I once went in search of the relics of a human body—a week after a wreck—which had been cast up the day before on to the beach, though the sharks had stripped off the flesh. I got the direction from a lighthouse. I should find it a mile or two distant over the sand, a dozen rods from the water, by a stick which was stuck up covered with a cloth. Pursuing the direction pointed out, I expected that I should have to look very narrowly at the sand to find so small an object, but so completely smooth and bare was the beach—half a mile wide of sand—and so magnifying the mirage toward the sea that when I was half a mile distant the insignificant stick or sliver which marked the spot looked like a broken mast in the sand. As if there was no other object, this trifling sliver had puffed itself up to the vision to fill the void; and there lay the relics in a certain state, rendered perfectly inoffensive to both bodily and spiritual eye by the surrounding scenery,—a slight inequality in the sweep of the shore. Alone with the sea and the beach, attending to the sea, whose hollow roar seemed addressed to the ears of the departed,—articulate speech to them. It was as conspicuous on that sandy plain as if a generation had labored to pile up a cairn there. Where there were so few objects, the least was obvious as a mausoleum. It reigned over the shore. That dead body possessed the shore as no living one could. It showed a title to the sands which no living ruler could.[69]

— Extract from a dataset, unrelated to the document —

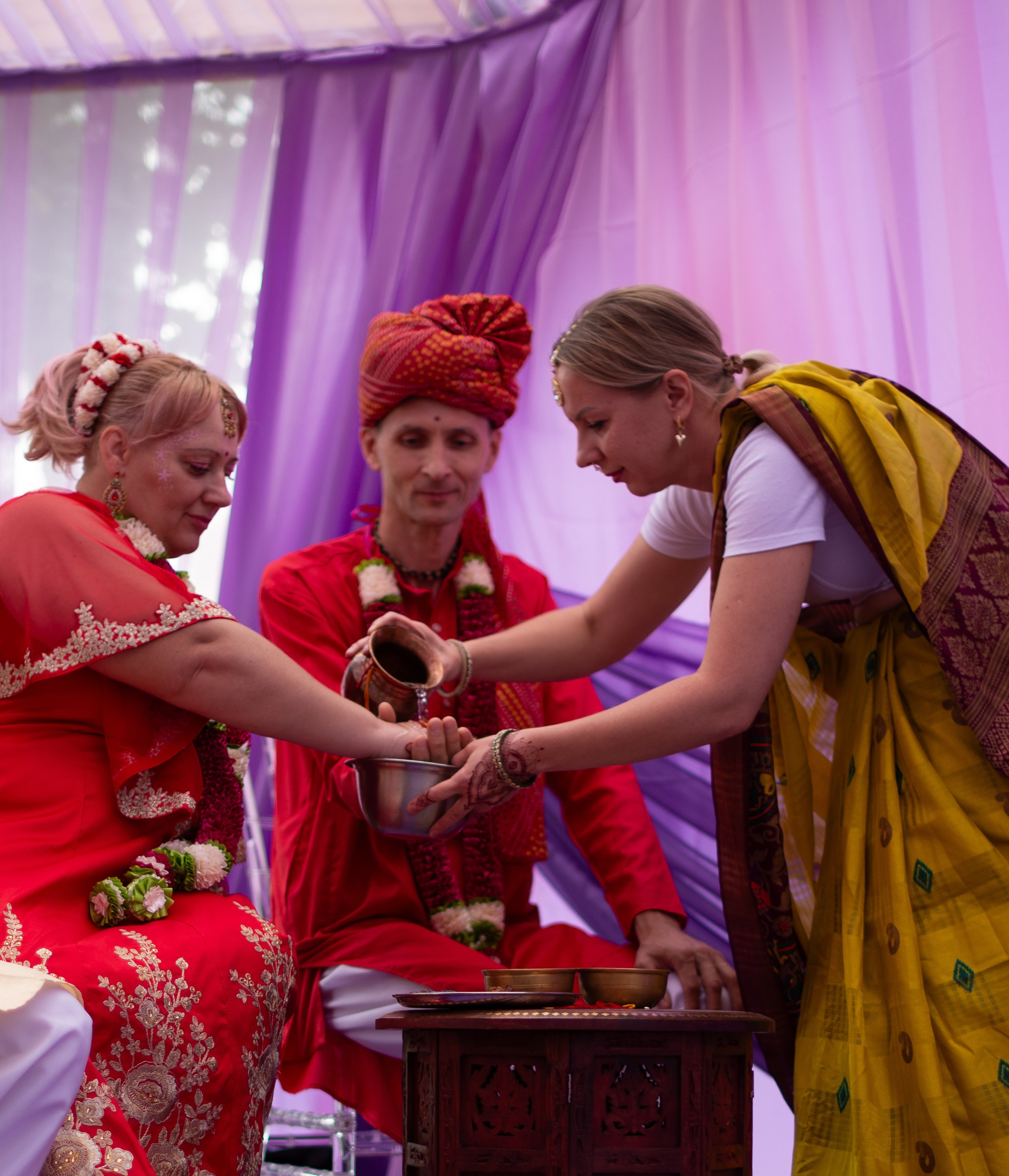 Свадьба в ведической традиции на фестивале День Индии 2025. Victoria Radjevna Репортажный Фотограф — Видеограф Москва • Санкт-Петербург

My father was commissary at Fort Independence in the last war. He says that the baker whom he engaged returned eighteen ounces of bread for sixteen of flour, and was glad of the job on those terms.

In a pleasant spring morning all men’s sins are forgiven. You may have known your neighbor yesterday for a drunkard and a thief, and merely pitied or despised him, and despaired of the world; but the sun shines bright and warm this first spring morning, and you meet him quietly, serenely at any work, and see how even his exhausted, debauched veins and nerves expand with still joy and bless the new day, feel the spring influence with the innocence[70] [Two thirds of a page missing.]

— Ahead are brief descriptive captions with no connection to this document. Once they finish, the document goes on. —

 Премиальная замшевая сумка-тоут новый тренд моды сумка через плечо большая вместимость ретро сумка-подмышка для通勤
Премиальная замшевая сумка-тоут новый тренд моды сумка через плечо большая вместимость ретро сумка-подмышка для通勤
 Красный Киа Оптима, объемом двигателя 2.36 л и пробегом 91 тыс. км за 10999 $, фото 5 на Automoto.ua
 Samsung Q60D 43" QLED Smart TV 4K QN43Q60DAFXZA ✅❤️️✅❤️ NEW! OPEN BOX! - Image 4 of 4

There is a good echo from that wood to one standing on the side of Fair Haven. It was particularly good to-day. The woodland lungs seemed particularly sound to-day; they echoed your shout with a fuller and rounder voice than it was given in, seeming to mouth it. It was uttered with a sort of sweeping intonation half round a vast circle, ore rotundo, by a broad dell among the tree-tops passing it round to the entrance of all the aisles of the wood. You had to choose the right key or pitch, else the woods would not echo it with any spirit, and so with eloquence. Of what significance is any sound if Nature does not echo it? It does not prevail. It dies away as soon as uttered. I wonder that wild men have not made more of echoes, or that we do not hear that they have made more. It would be a pleasant, a soothing and cheerful mission to go about the country in search of them,—articulating, speaking, vocal, oracular, resounding, sonorous, hollow, prophetic places; places wherein to found an oracle, sites for oracles, sacred ears of Nature.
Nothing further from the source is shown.